And then there’s JunJu, which is named after the city in Korea where bibimbap — the Korean mixed rice dish — is believed to have been invented. As Song describes it, the restaurant is an exploration of how the seasonal ethos of California cuisine intersects with the Korean food his parents and grandparents cooked for him when he was growing up. Of course the menu has a bibimbap (with bulgogi and fava beans), and also a braised short rib dish, a spicy pork stew, and a small selection of vegetable banchan. It’s all food that’s uniquely well suited for this moment, Song says: “It’s homey, comforting, it’s rich, it’s flavorful. To top it off, it travels well too.”
Regarding the prospects of the new incubator, Song says, “who knows? At the end of it, maybe it doesn’t work, or at the end of it we open three more restaurants.”
Cole says there may in fact be advantages to just keeping the incubator model in place, at least for a while. “This gives me three different market audiences,” he explains — three different revenue streams, none of them dependent on customers’ willingness to sit down in a restaurant dining room.

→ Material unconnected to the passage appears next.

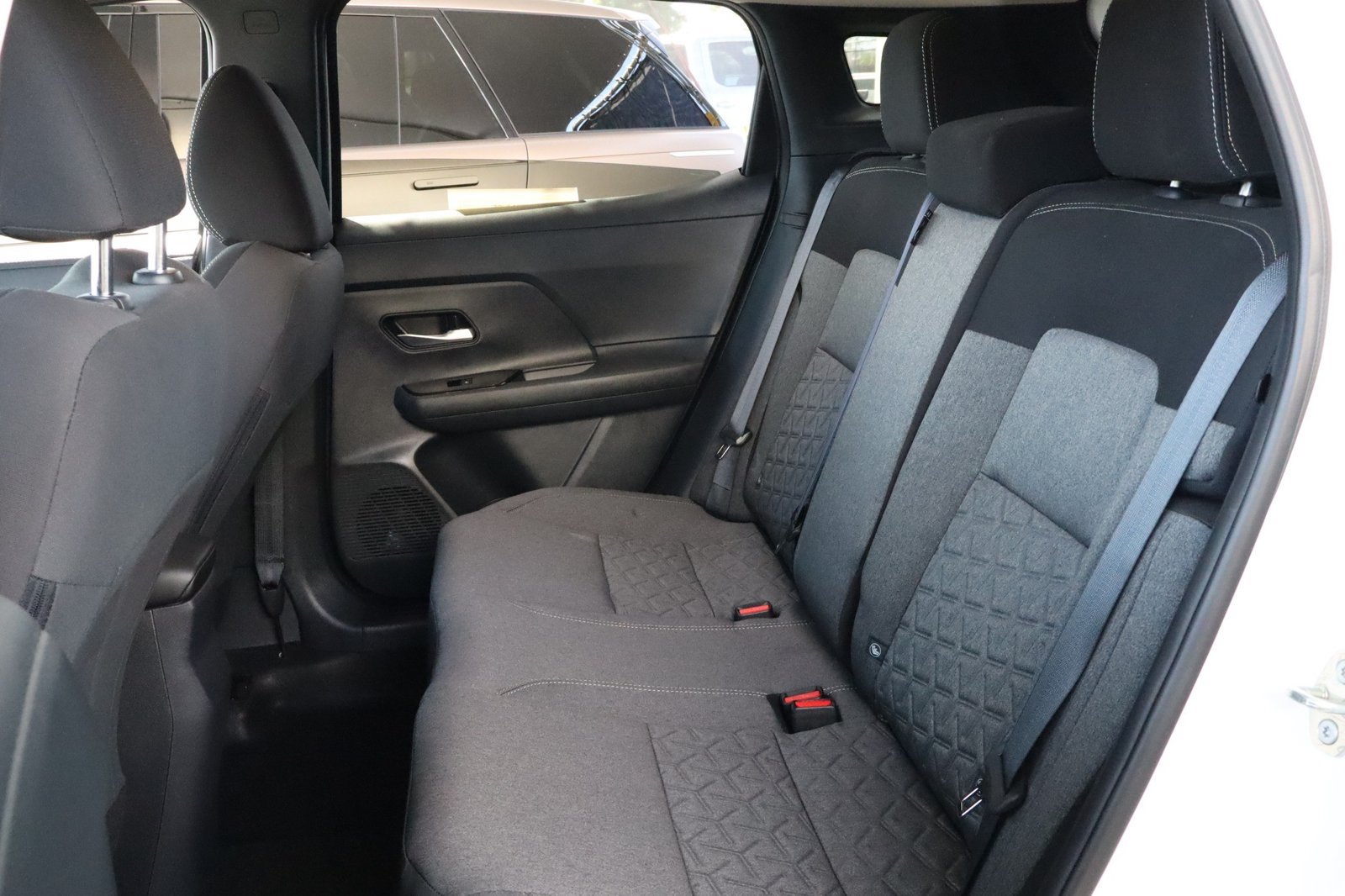 Used 2025 Nissan Kicks SV FWD image 36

The other advantage, Cole says, is the amount of passion he sees the chefs putting into the project now that they’re cooking food that they have a deep personal connection to. Zell, for instance, had never even considered the idea of cooking Uruguayan food professionally before opening Ines — her background had been mostly in Italian and French cuisines. Now, however, there’s a strong possibility that she’ll pursue cooking the food of her heritage even after the incubator closes. “It’s only been three days of making empanadas,” she says, “and it’s just put a smile on my face every day.”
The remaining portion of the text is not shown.